[Kayzer.Net] ****TARİHSEL KIYIMIN TRAJİK BİR TANIĞI: İLHAMİ ÇİÇEK****
"Yalnızca şiir geleneğimizin biçimlerinden değil, geleneksel düşünce içeriğinden de yola çıkarak günümüzün şiir yapısı içinde çatışma ve açmazlarını ince bir duyarlıkla yansıtan bir ozan." İlhami Çiçek bundan altı yıl önce öldüğünde, böyle tanıtılıyordu bir gazete tarafından. 1 Bir dergi de, onun "entelektüel bir Müslüman zihne" sahip olduğunu yazıyordu. 2 İlhami Çiçek'i ve şiirini tanımak için bu saptamaların göz önünde bulundurulması zorunludur.
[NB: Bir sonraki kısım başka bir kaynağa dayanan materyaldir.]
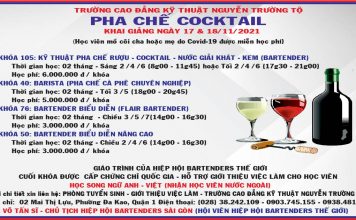 Khai giảng các khóa học pha chế Bartender, Barista, Flair Bartending ngày 17 & 18 / 11 / 2021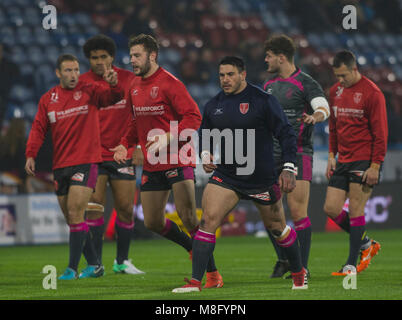 15. März 2018, John Smiths Stadion, Huddersfield, England; Betfred Super League Rugby, Huddersfield Riesen versus Rumpf KR; Rumpf Kr außenstürmer Justin C Stockfoto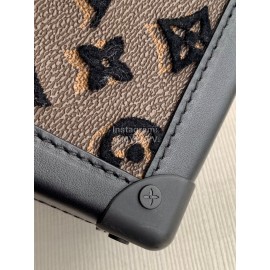 Louis Vuitton Charm Black Old Flower Flocking Embroidery Handbag M45044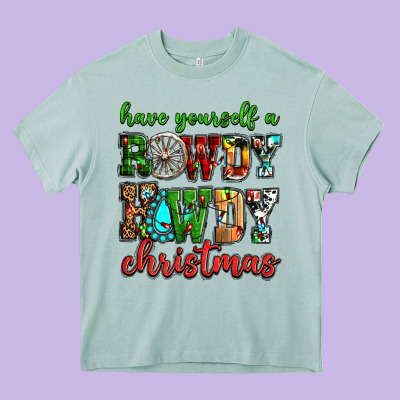 Have Yourself A Rowdy Howdy Christmas Heavy Core Tee Designed By Nancycooperartshop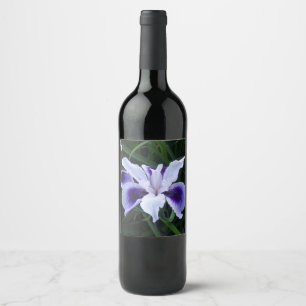 Silky White Purple Flower Wine Label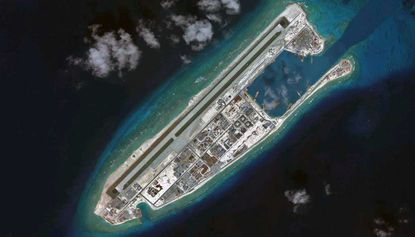 One of the contested islands that has been militarised by China in the South China Seas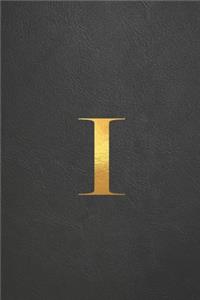 I: Executive Monogram Initial Journal (Vintage Leather Look Personalized Letter Notebooks)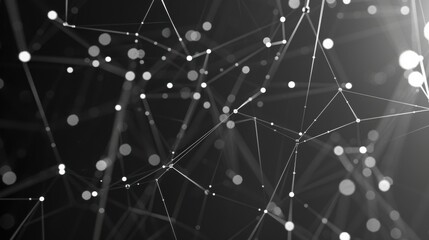 Modern Black and White Network Connections with Geometric Patterns and Futuristic Design

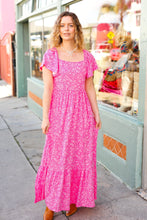 Load image into Gallery viewer, Perfectly You Fuchsia Ditzy Floral Fit & Flare Maxi Dress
İlhami Çiçek Anadolu duyarlığına sahip bir şairdir. 1954'te Erzurum'da doğdu. Ortaokulu Oltu'da, liseyi ve Edebiyat Fakültesini Erzurum'da tamamladı. Daha önce yakalandığı amansız hastalık yüzünden bir kriz sonrasında 14 Haziran 1983'te Tokat'ta öldü. 3 Öğrencilik yıllarında Halk Edebiyatına ilişkin çalışmalar yaptı. Daha sonra Edebiyat Dergisi çevresinde görülen şair, bu derginin sürekli yazarlarından biri oldu. Şiirin yanında öykü ve denemeleri de yayımlandı. Divan edebiyatını iyi bilen şair, şiirini böyle bir birikim üzerine kuruyordu. Satranç Dersleri, Edebiyat'ta 1981'de yayımlanmaya başladı. Sonra aynı isimle derginin yayınları arasından Mayıs 1983'te kitap olarak çıktı.
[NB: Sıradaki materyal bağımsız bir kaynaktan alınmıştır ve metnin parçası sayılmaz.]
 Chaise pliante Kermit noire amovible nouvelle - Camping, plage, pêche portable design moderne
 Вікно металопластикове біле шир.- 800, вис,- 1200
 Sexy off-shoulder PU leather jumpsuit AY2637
Arif Ay'ın söyleyişiyle Edebiyat Dergisi salt şiirlerin, öykülerin, yazıların yayımlandığı bir yer değil, bir okuldu aynı zamanda. Bu okulda insanlar eğitilir, bilinç törpülenir, birbirlerinin kalp atışlarını duyarlardı. İlhami Çiçek de bu okulun öğrencisiydi, onlarla aynı havayı solurdu. Bu konuda Arif Ay'ın yazdıklarını okuyalım: "Okumaya, düşünmeye başladığımız zaman anladık ki, biz büyük bir yıkımın çocuklarıyız. Biz de büyük yıkımın enkazları arasından çıkan yaralı bir kuşağız. Dünümüz harap edilmiş, acımasızca kıyılmış dünümüze. Bize sunulan hayat dünden hiçbir iz taşımıyor. İnandıklarımızla çelişen, inandıklarımızla taban tabana zıt bir hayatı nasıl yaşayacaktık? Elbette ki acıyla, hüzünle, nefretle, buğzla." 4 Bu okulun bir öğrencisi olarak İlhami Çiçek'te yoğun bir hüzün duygusallığına rastlanır. "İnsanı ters konumundan içine yuvarlandığı evrensel yansıtır şiirlerinde. Oldukça gergin bir duyarlık görülür. İntikam içle bir marştır gerçekte, dizesinde toplu bir kıyımın karşı tavrına çıkılır. İçi doludur yaşanan hem bireysel hem evrensel trajedi karşısında!" 5 Bu trajedi yazdırmıştır ona Satranç Dersleri'ni. Bu şiir bir bakıma insanımız üzerine oynanan satranç oyununun dile getirilişidir.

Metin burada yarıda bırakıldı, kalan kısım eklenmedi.